A small monkey wearing a winter coat and a diaper apparently looks for its owners at an IKEA in Toronto on Sunday Dec. 9, 2012.
Image Credit: Bronwyn Page/THE CANADIAN PRESS

On the eve of the Ikea monkey's third anniversary at a sanctuary, workers are building enclosures for two potential roommates.

Darwin has been living at Story Book Farm Primate Sanctuary northeast of Toronto since Dec. 9, 2012 when a court placed him there after he was found wandering outside a Toronto Ikea store wearing a shearling coat.

Daina Liepa, a board member with the sanctuary, says two new Rhesus macaque monkeys will be arriving in January after being in a transplant research lab at a Canadian university for the past three years.

She says the monkeys have known nothing but the inside of a laboratory, and will take their first steps outside when they arrive at Story Book.

Liepa says Darwin has been alone in his enclosure since arriving because he wasn't a good match to be paired with two more dominant female macaques.

But, she says, new monkeys Cody and Pugsley are younger males that should fit well with Darwin's increasing energy levels.

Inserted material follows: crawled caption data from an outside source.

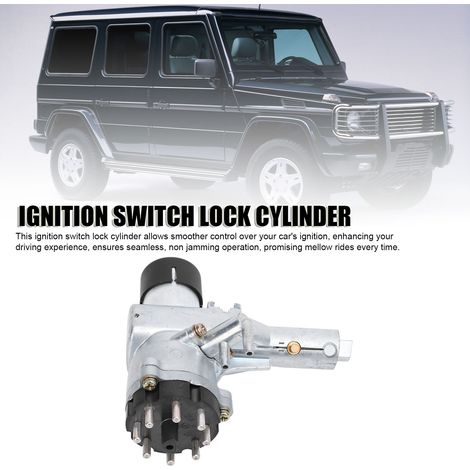 Cilindro di accensione con 2 chiavi 0014621630 per Mercedes Classe G W460 W463 (1/5)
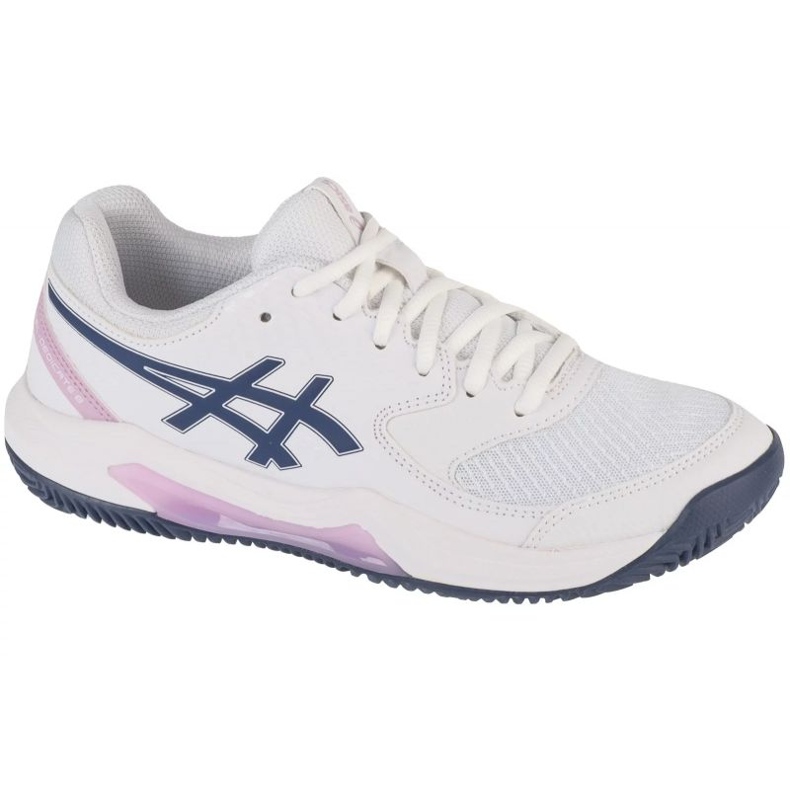 ASICS gel Gel-Dedice 8 Clay 1042a255-104 Tennis Shoes branco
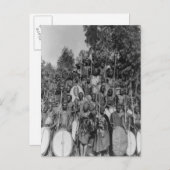 スペアーズとシールズのカビロンド ポストカード (正面/裏面)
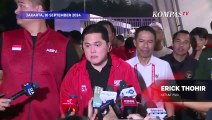 Reaksi Ketum PSSI Erick Thohir usai Indonesia Vs Australia: Kita Kan Selalu Dipandang Rendah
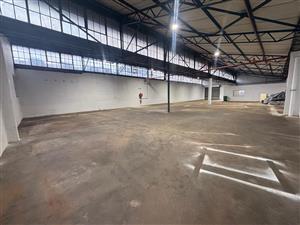 Industrial Rental Monthly in Pinetown North Industria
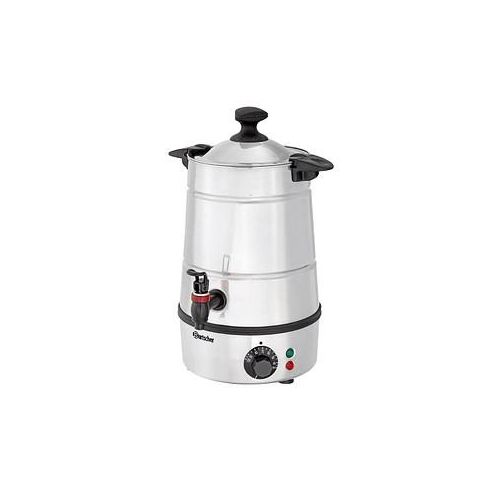 Bartscher Heißwasserspender schwarz 5,0 l 1800 W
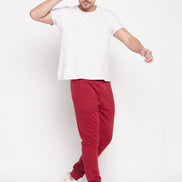 Maroon Trackpant - clubyork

"He's a typical teenager now, very loud and swinging and running and jumping all the time," Liepa said.

Darwin and 19 other monkeys at Story Book faced eviction last summer after the former owners of the sanctuary wanted out after a divorce.

The board had trouble raising money to buy the land and the monkeys until two new owners, who wish to remain anonymous, came forward to buy the sanctuary.

Liepa said the new enclosures are only temporary as the sanctuary is in the final stages of designing a brand new facility made of shipping containers — pieced together like Lego blocks — that they hope to begin in the spring if fundraising efforts go well.

Liepa said the new facility will be built to house 40 monkeys, with the ability to expand further to hold upwards of 100 monkeys, all of which are former pets, laboratory animals and those that are part of Ontario's underground exotic pet trade.